_Required action_
Exact transcription of the data below is required, without the images.

Web page caption snippets:
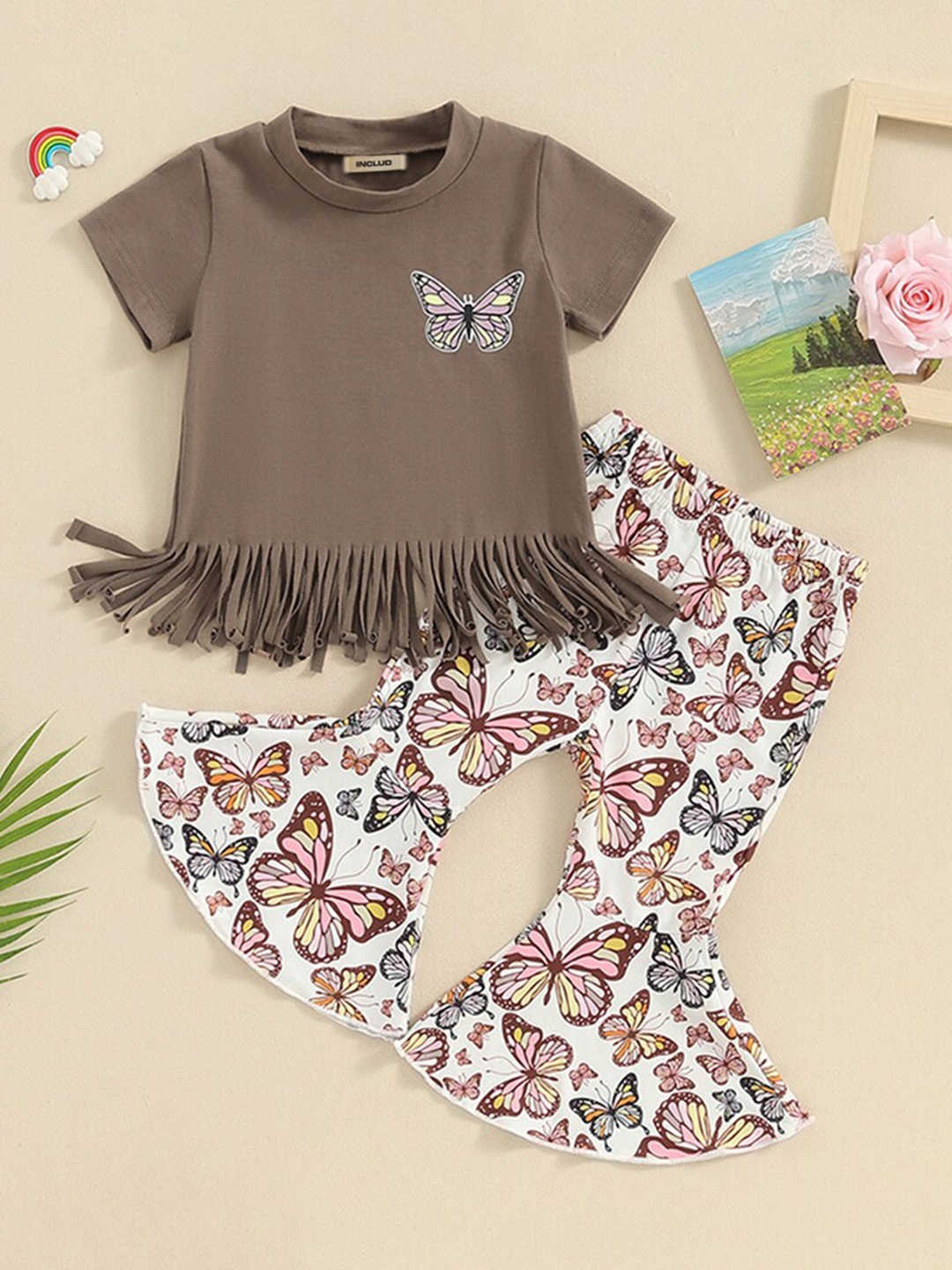 

INCLUD Girls Fringe T-shirt With Trousers, Brown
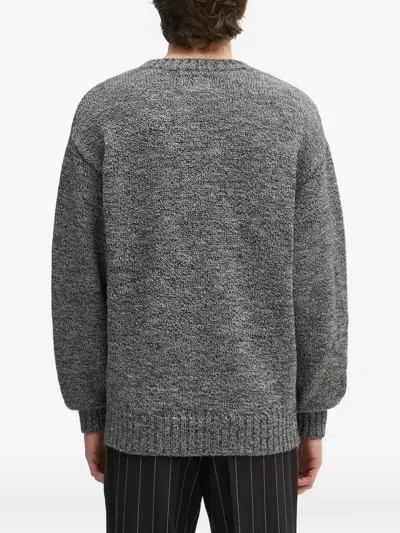 Wacko Maria Heart-motif Wool Sweater In Gray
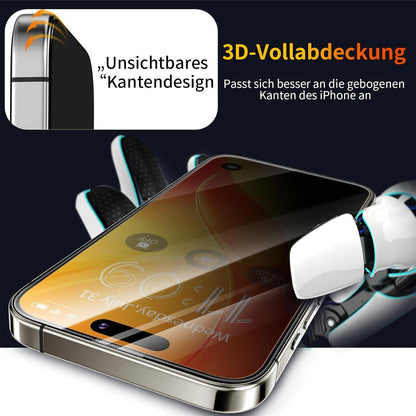 Tentoki Panzerglas Schutzfolie iPhone 15 Pro 6,1 Zoll Privacy Schutz Anti-Spionage HD Klar 9H Glas 2 Stück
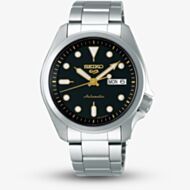 Seiko Mens 5 Sports Black Dial Stainless Steel Bracelet Watch SRPE57K1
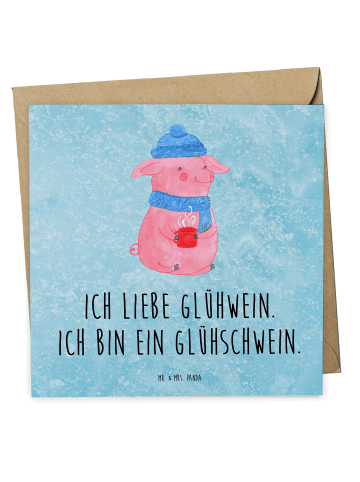 Mr. & Mrs. Panda faltkarte Schwein Glühwein mit Spruch in Eisblau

_Result for this exercise_
INCLUD Girls Fringe T-shirt With Trousers, Brown
 Wacko Maria Heart-motif Wool Sweater In Gray
 Tentoki Panzerglas Schutzfolie iPhone 15 Pro 6,1 Zoll Privacy Schutz Anti-Spionage HD Klar 9H Glas 2 Stück
 Seiko Mens 5 Sports Black Dial Stainless Steel Bracelet Watch SRPE57K1
 Mr. & Mrs. Panda faltkarte Schwein Glühwein mit Spruch in Eisblau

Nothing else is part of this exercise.